» **Exercise**
Without including any pictures, write out the listing below exactly.

» **Dataset excerpt**
▬▬▬▬▬▬

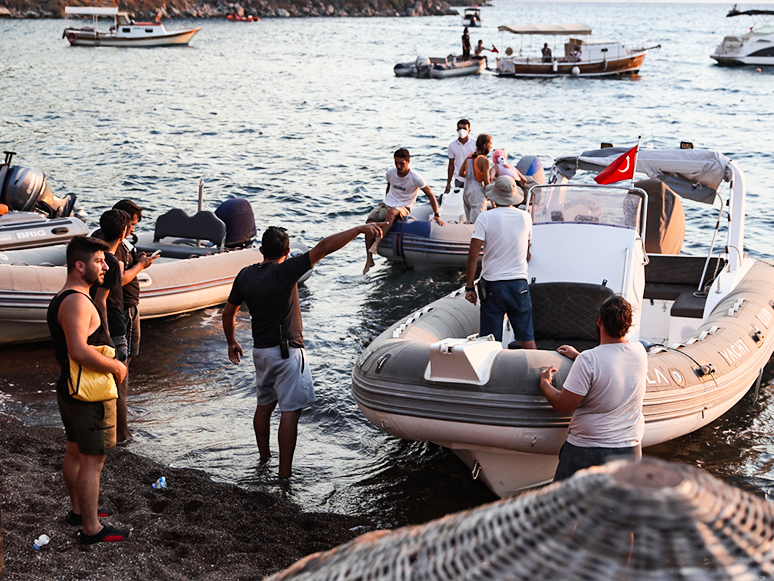 Marmaris Yangını Yayılıyor: Hisarönü Mahallesi Denizden Tahliye Edildi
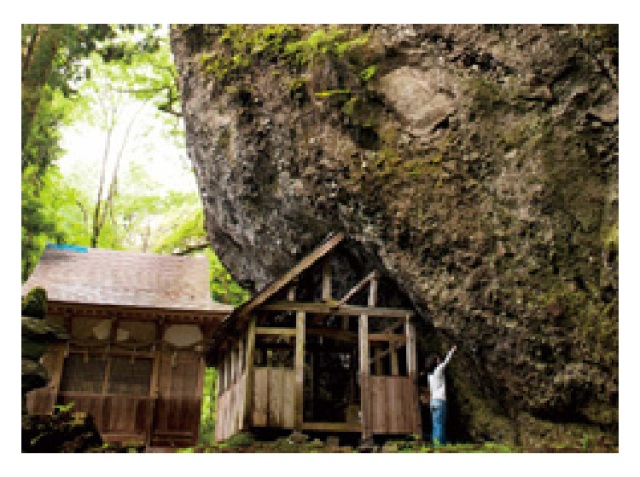 大矢谷白山神社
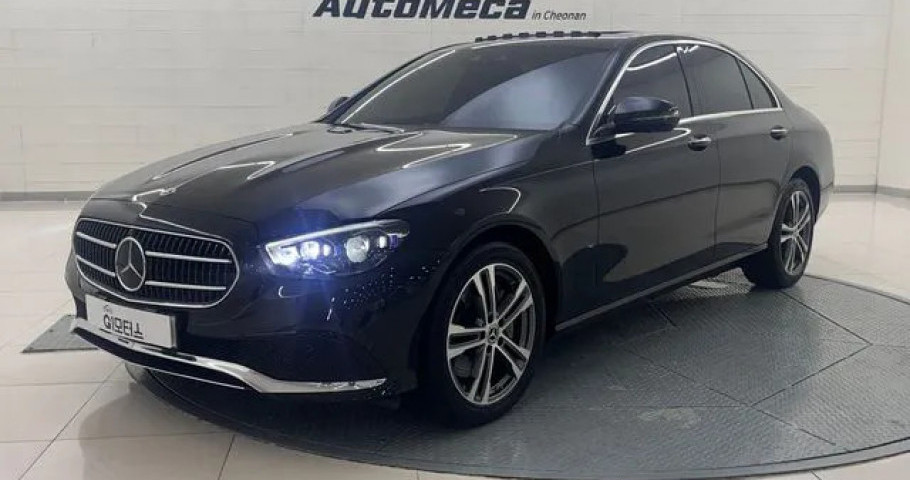 Mercedes-Benz E-Class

▬▬▬▬▬▬

» **Finished exercise**
 Marmaris Yangını Yayılıyor: Hisarönü Mahallesi Denizden Tahliye Edildi
 大矢谷白山神社
 Mercedes-Benz E-Class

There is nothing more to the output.